Until the late 1980s, many of the implementations of transport protocols were tied to a proprietary implementation of a MAC-Layer interface defining how the protocol would converse with the network adapter card. This made it difficult for network adapter card vendors to support the different network operating systems available on the market. Each network adapter card vendor had to create proprietary interface drivers to support a variety of protocol implementations for use with several network operating system environments.
In 1989, Microsoft and 3Com jointly developed a standard defining an interface for communication between the MAC Layer and protocol drivers higher in the OSI model. This standard is known as the Network Device Interface Specification (NDIS). NDIS allows for a flexible environment of data exchange. It defines the software interface — called the NDIS interface — used by transport protocols to communicate with the network adapter card driver.
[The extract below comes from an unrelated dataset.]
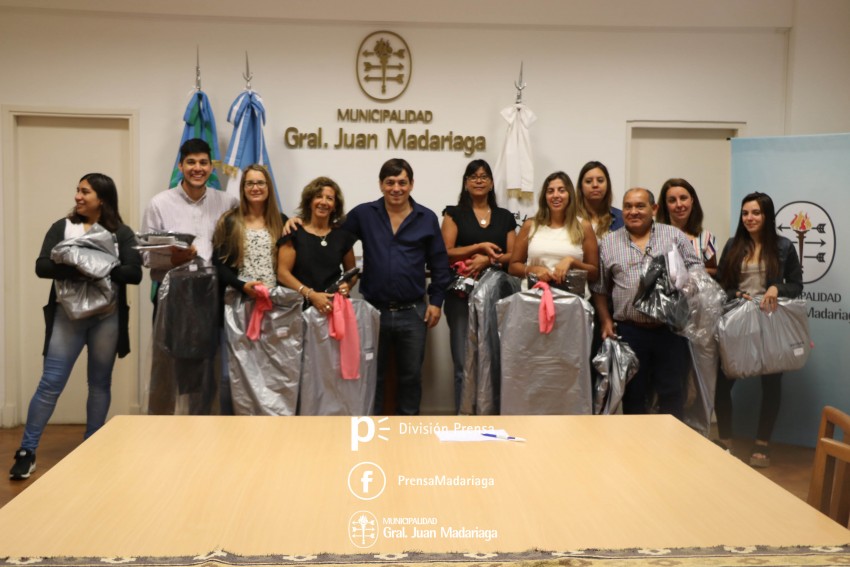 Entregaron uniformes a todos los empleados administrativos del municip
The flexibility of NDIS comes from the standardized implementation used by the network industry. Any NDIS-conformant protocol can pass data to any NDIS-conformant network adapter card driver, and vice versa. A process called binding is used to establish the initial communication channel between the protocol driver and the network adapter card driver.
Windows NT currently supports device drivers and transport protocols written to NDIS version 3.0.
NDIS allows multiple network adapter cards on a single computer. Each network adapter card can support multiple transport protocols. The advantage of supporting multiple protocol drivers on a single network card is that Windows NT computers can have simultaneous access to different types of network servers, each using a different transport protocol. For example, a computer can have access to both a Windows NT Server using NBF (the Windows NT implementation of NetBEUI) and a UNIX server via TCP/IP simultaneously.
Unlike previous NDIS implementations, Windows NT does not need a protocol manager module to link the various components at each layer together. Instead, Windows NT uses the information in the Registry (described in Chapter 10, "Overview of the Windows NT Registry" of the Windows NT Resource Guide) and a small piece of code called the NDIS wrapper that surrounds the network adapter card driver.